─── GIVEN MATERIAL

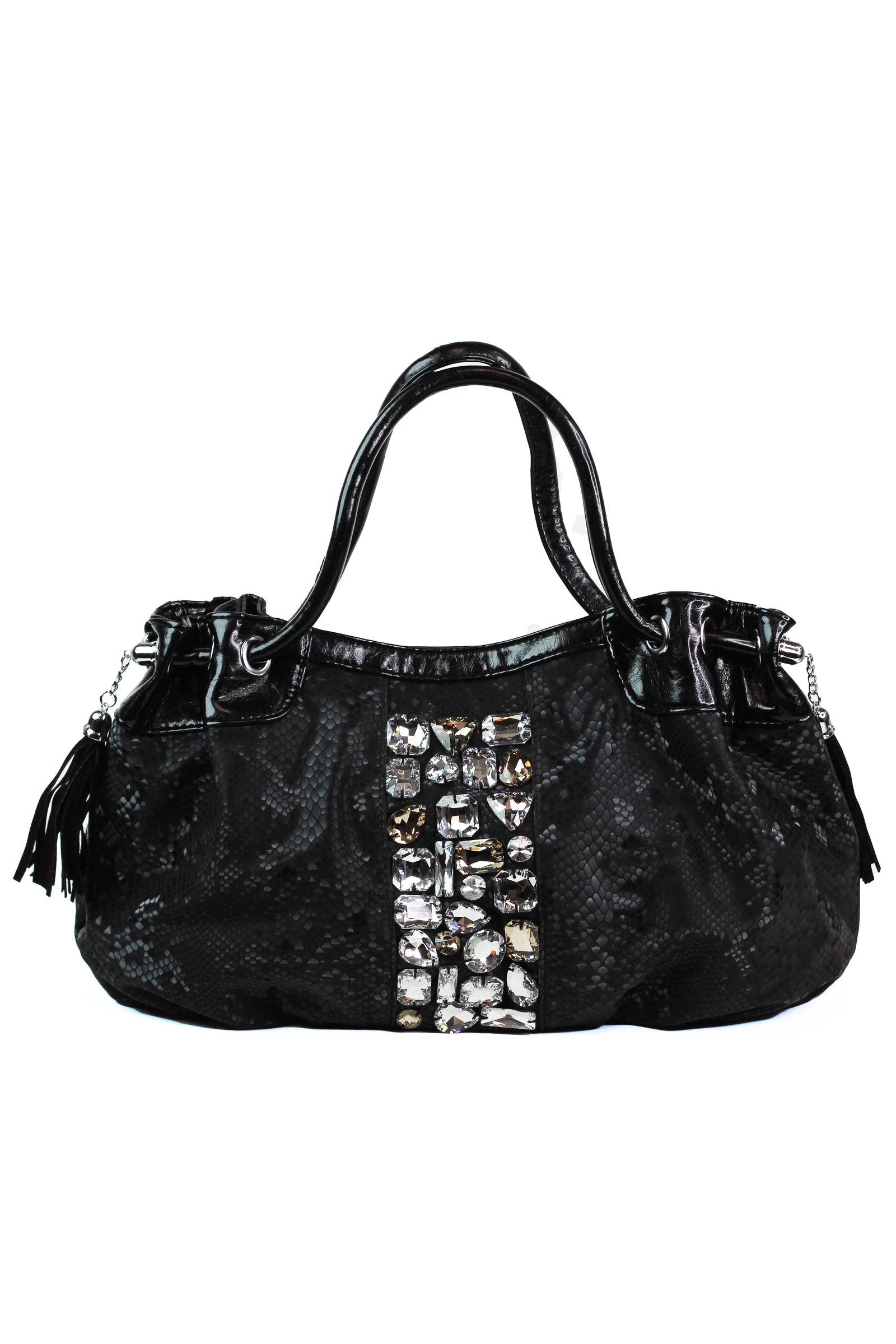 Faux Snakeskin Purse w/ Large Stone Accents & Side Tassels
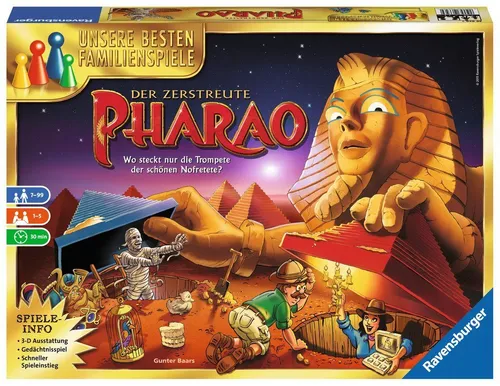 Ravensburger Brettspiel Der zerstreute Pharao - Gesellschaftsspiel für 1-5 Spieler ab 7 Jahren, spannendes Suchen und Merken in den Pyramiden mit Solo-Modus und herausfordernder Variante für Profis.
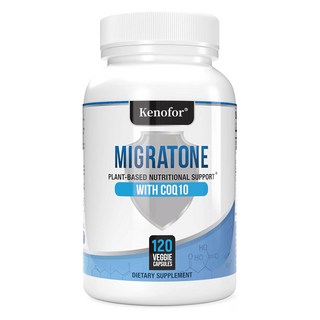 Migratone 편두통 완화 보충제 - 두통 완화 천연 비타민 - 마그네슘 비타민 B2 B6와 B12 미활성 코엔자임 Q10과 소백국, 1개, 60정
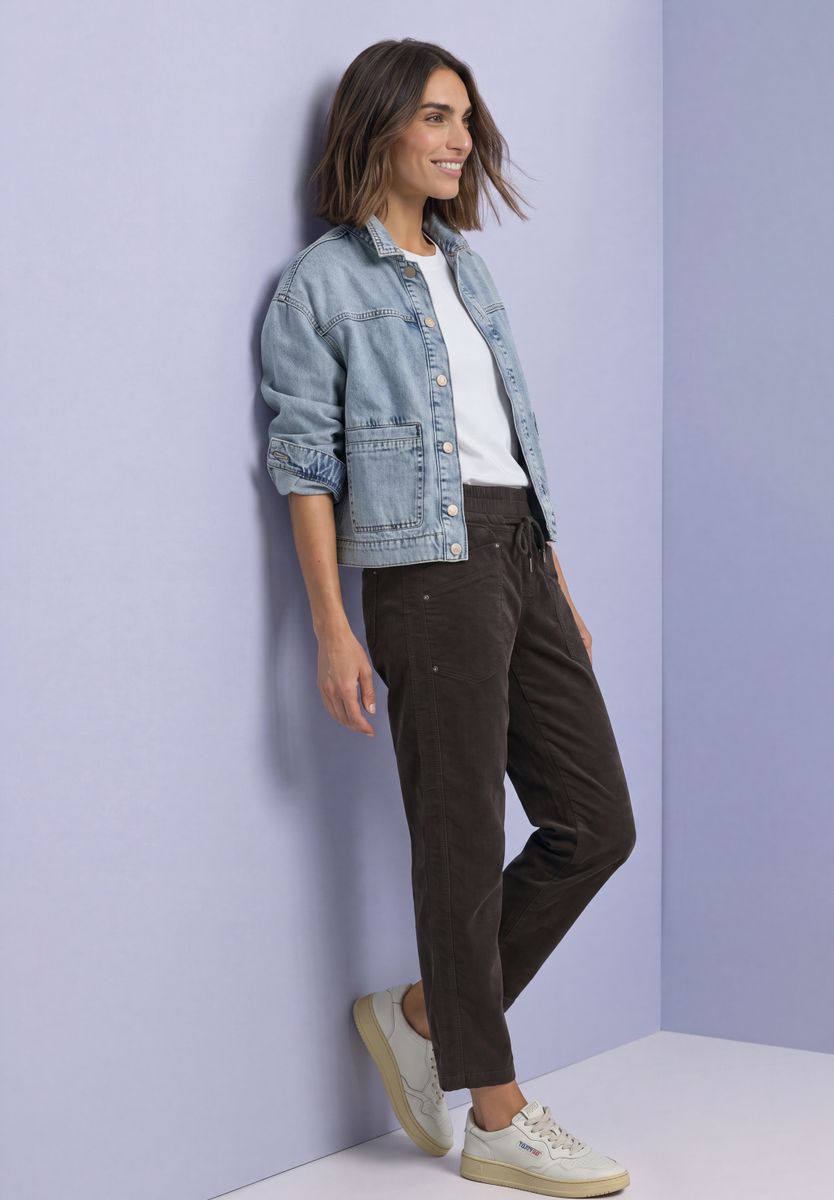 Slim Leg Cordhose im Loose Fit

──────

▶ [WHAT THE TASK ASKS]: All the material shown above is to be copied exactly, with no pictures carried over.

▶ [REPLY TO THE TASK]:
 Faux Snakeskin Purse w/ Large Stone Accents & Side Tassels
 Ravensburger Brettspiel Der zerstreute Pharao - Gesellschaftsspiel für 1-5 Spieler ab 7 Jahren, spannendes Suchen und Merken in den Pyramiden mit Solo-Modus und herausfordernder Variante für Profis.
 Migratone 편두통 완화 보충제 - 두통 완화 천연 비타민 - 마그네슘 비타민 B2 B6와 B12 미활성 코엔자임 Q10과 소백국, 1개, 60정
 Slim Leg Cordhose im Loose Fit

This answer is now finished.